--- GIVEN ENTRIES Enclosed Below ---

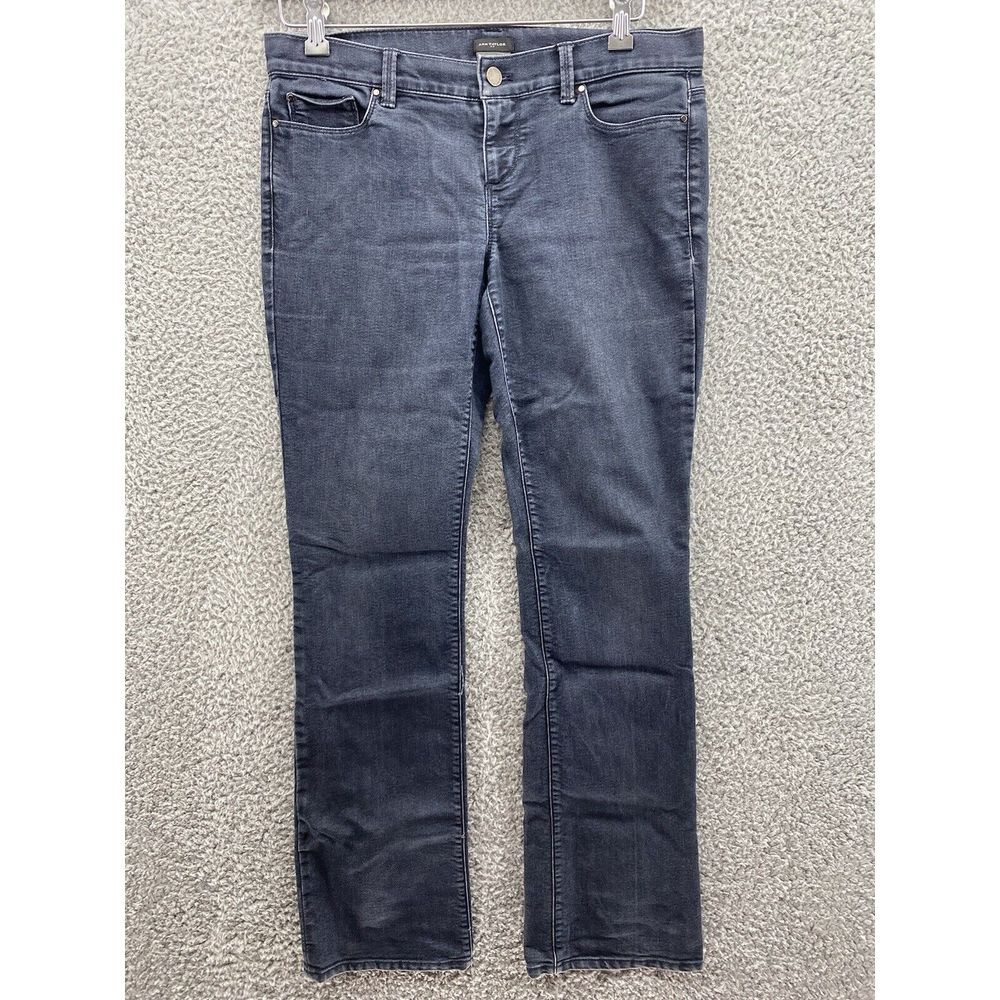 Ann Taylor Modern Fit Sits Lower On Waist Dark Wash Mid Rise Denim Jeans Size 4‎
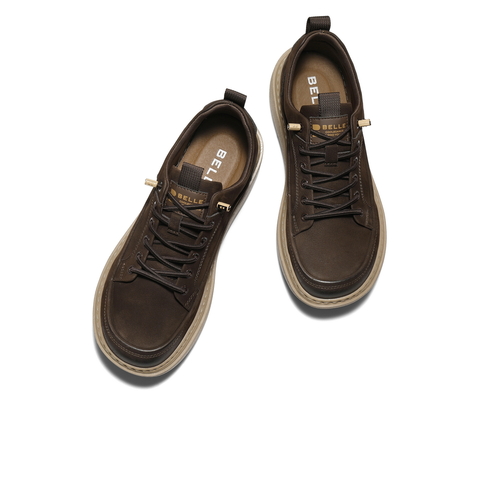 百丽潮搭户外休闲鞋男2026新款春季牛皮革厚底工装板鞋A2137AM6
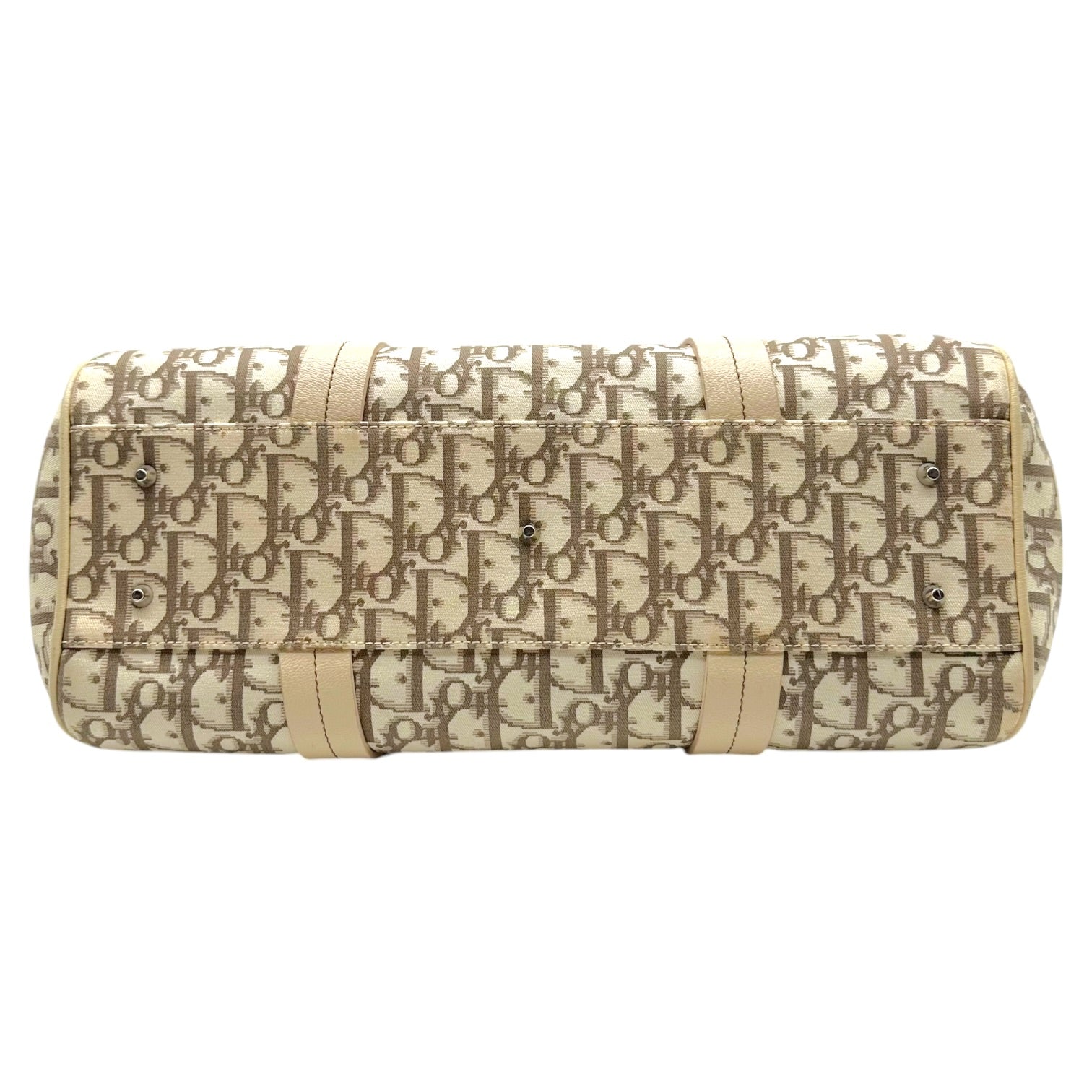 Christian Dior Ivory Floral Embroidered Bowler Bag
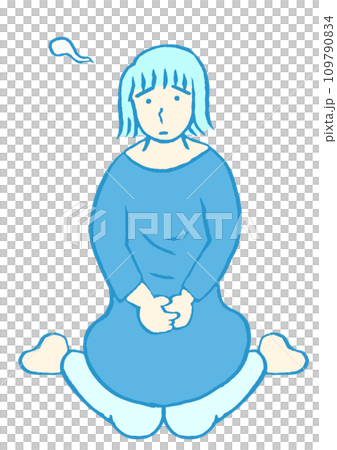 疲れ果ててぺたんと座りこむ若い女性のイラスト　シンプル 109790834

--- End of Enclosed GIVEN ENTRIES ---
--- GIVEN ENTRIES Enclosed Below ---

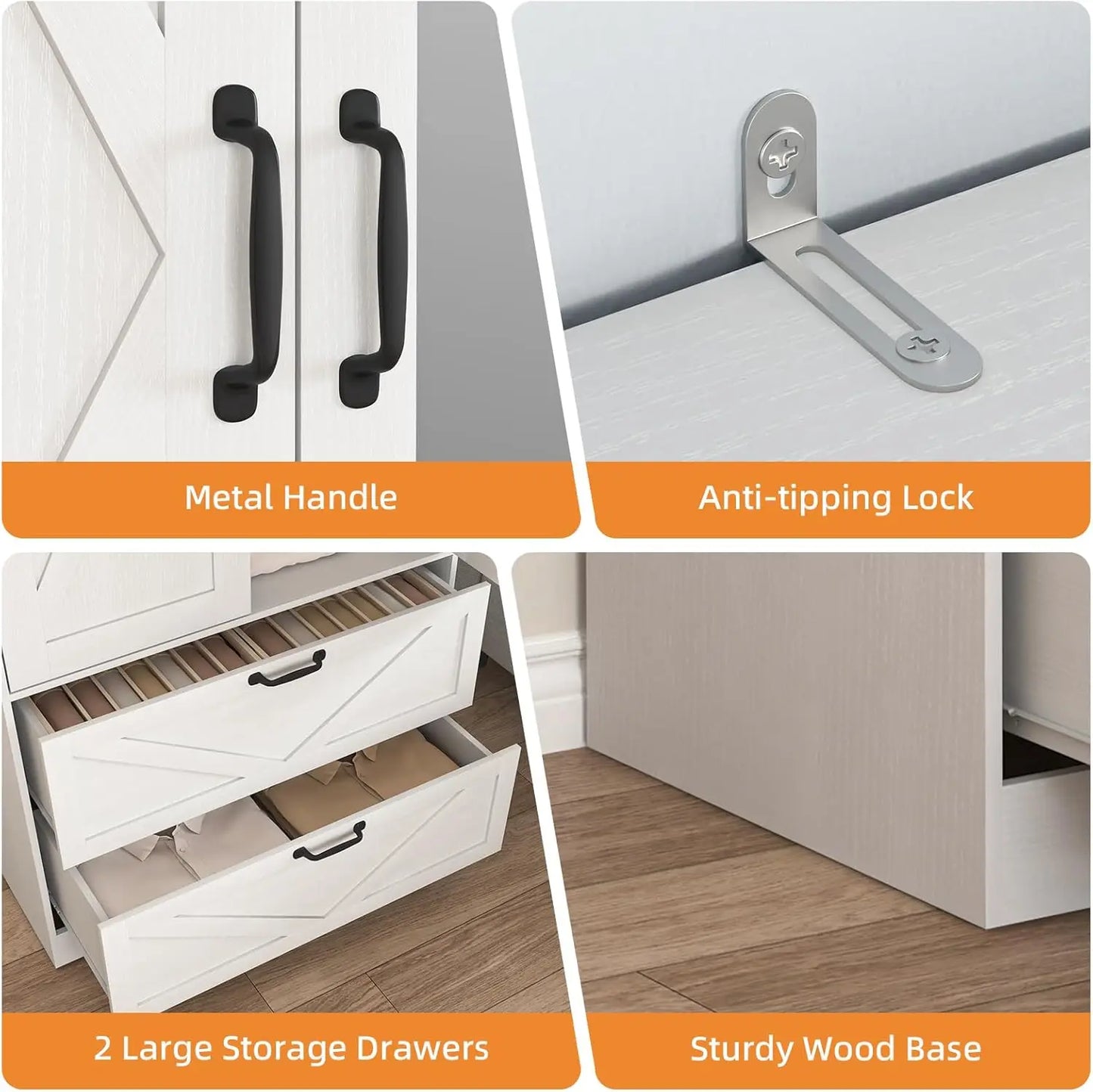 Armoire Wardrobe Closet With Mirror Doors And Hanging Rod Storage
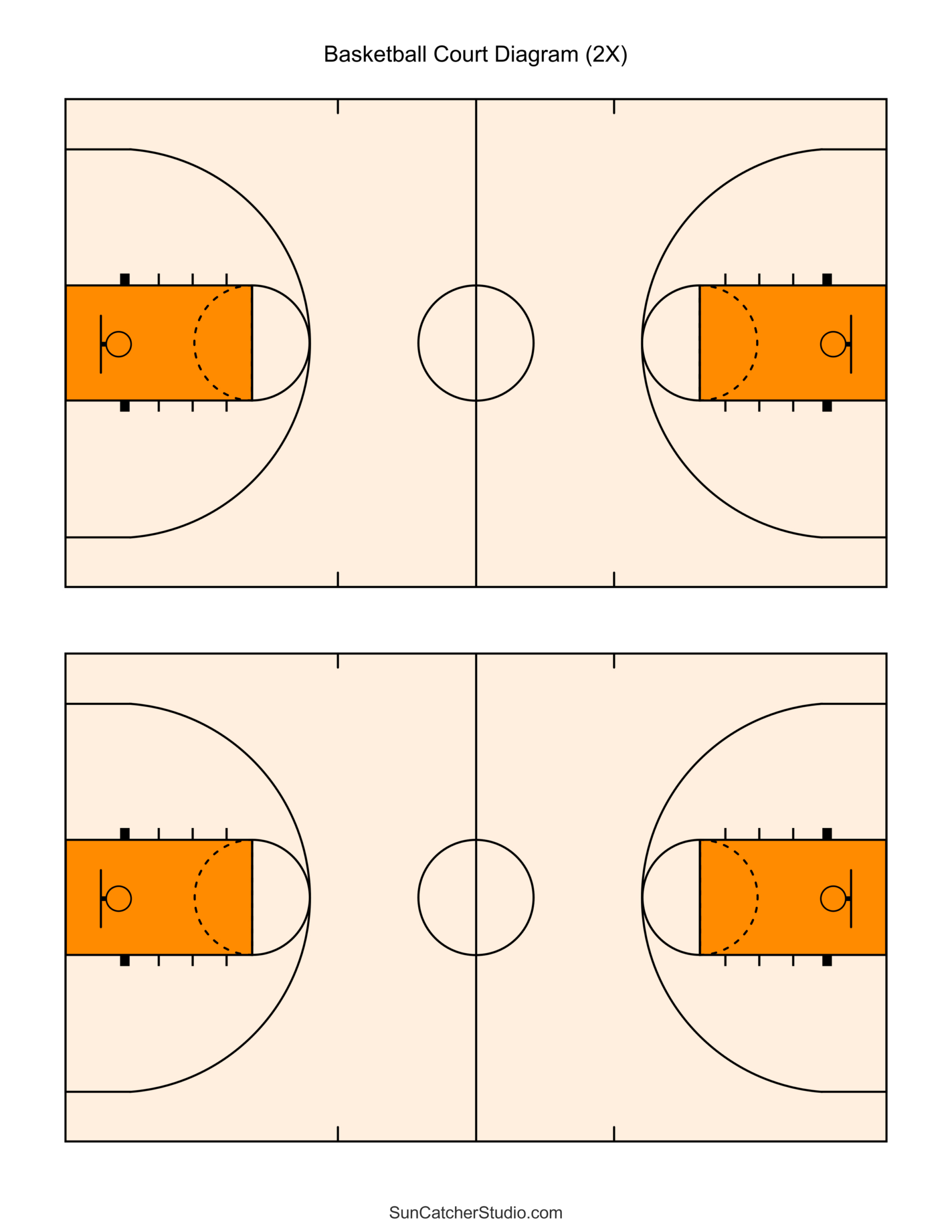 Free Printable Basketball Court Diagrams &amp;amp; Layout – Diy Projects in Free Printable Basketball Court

--- End of Enclosed GIVEN ENTRIES ---

TASK BRIEF - Beginning with the line above that contains "Ann Taylor Modern" and ending with the line that contains "疲れ果ててぺたんと座りこむ若い女性のイラスト　シンプル 109790834", quote each line exactly, keeping out the pictures.

YOUR RESPONSE -
 Ann Taylor Modern Fit Sits Lower On Waist Dark Wash Mid Rise Denim Jeans Size 4‎
 百丽潮搭户外休闲鞋男2026新款春季牛皮革厚底工装板鞋A2137AM6
 Christian Dior Ivory Floral Embroidered Bowler Bag
 疲れ果ててぺたんと座りこむ若い女性のイラスト　シンプル 109790834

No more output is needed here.